◆ Directions for this task
Give again, word for word, the lines below that run from the line with "2734 Pinebrook Rd, Landover, MD" through the line with "Mercado de bienes". Drop the pictures.

◆ Exercise data
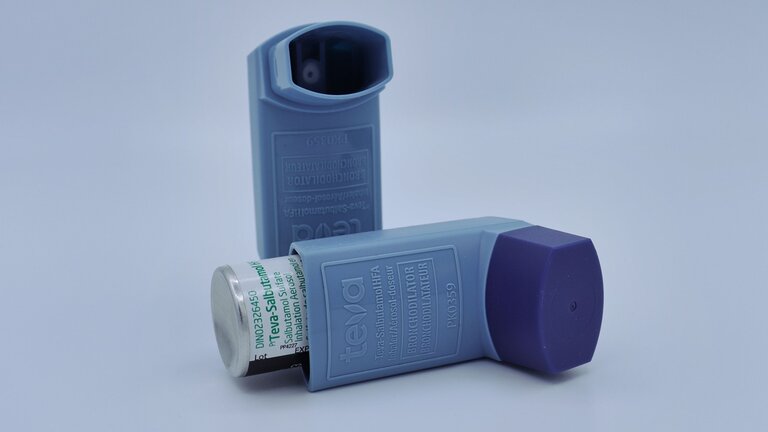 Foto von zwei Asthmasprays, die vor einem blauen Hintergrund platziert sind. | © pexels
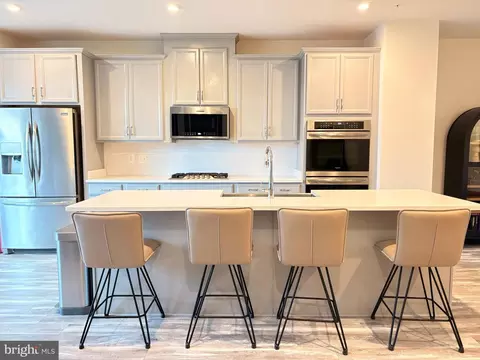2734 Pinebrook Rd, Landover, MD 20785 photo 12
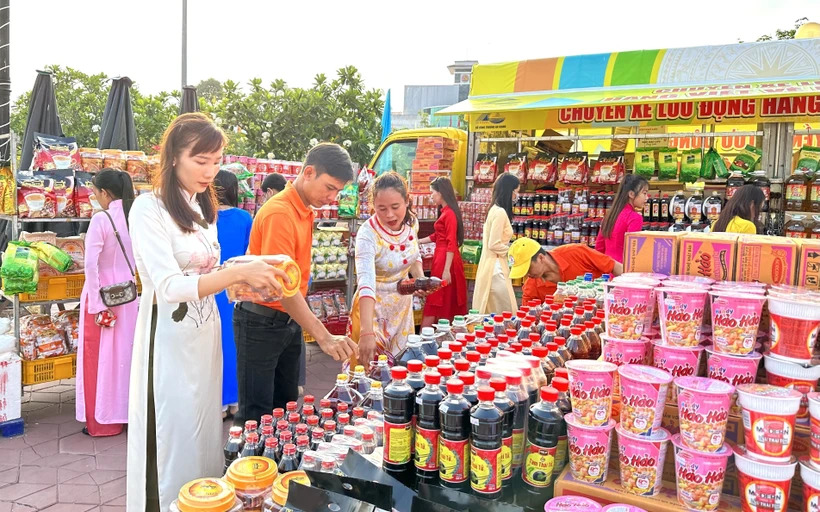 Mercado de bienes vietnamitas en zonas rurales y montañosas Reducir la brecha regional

---

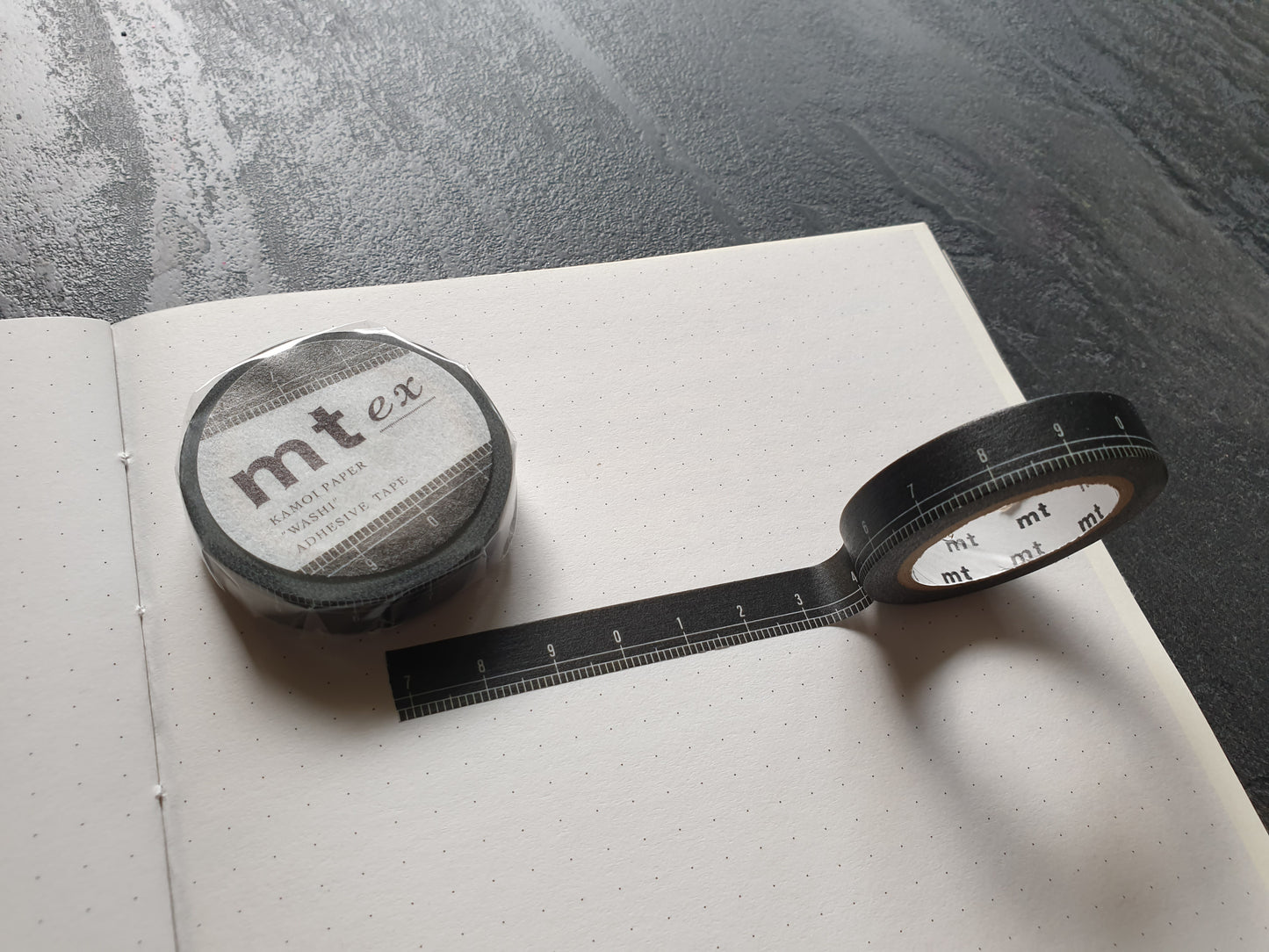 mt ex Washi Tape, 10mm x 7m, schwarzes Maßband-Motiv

◆ Exercise response
2734 Pinebrook Rd, Landover, MD 20785 photo 12
 Mercado de bienes vietnamitas en zonas rurales y montañosas Reducir la brecha regional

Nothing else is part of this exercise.